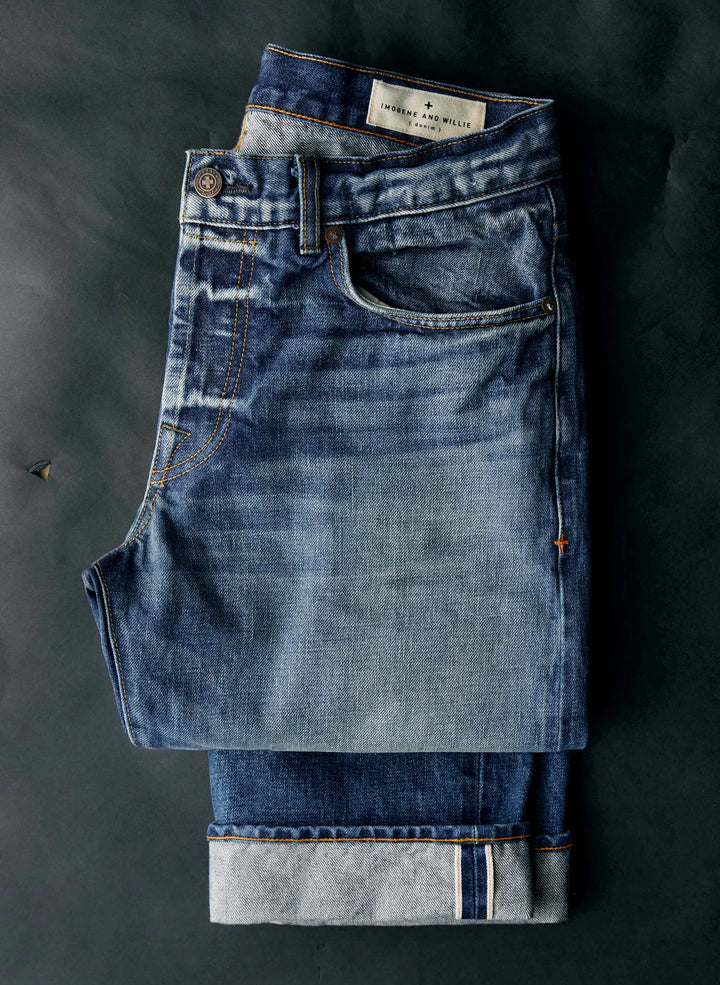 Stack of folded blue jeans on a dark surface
...
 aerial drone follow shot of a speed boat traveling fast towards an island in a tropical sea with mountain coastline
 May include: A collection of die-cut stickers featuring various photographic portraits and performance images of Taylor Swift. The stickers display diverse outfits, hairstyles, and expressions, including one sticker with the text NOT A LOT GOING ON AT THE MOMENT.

*INSTRUCTIONS TO FOLLOW*
In how many lines of the records does the word "with" appear? Give the number alone.

*OUTPUT FOR THIS EXERCISE*
2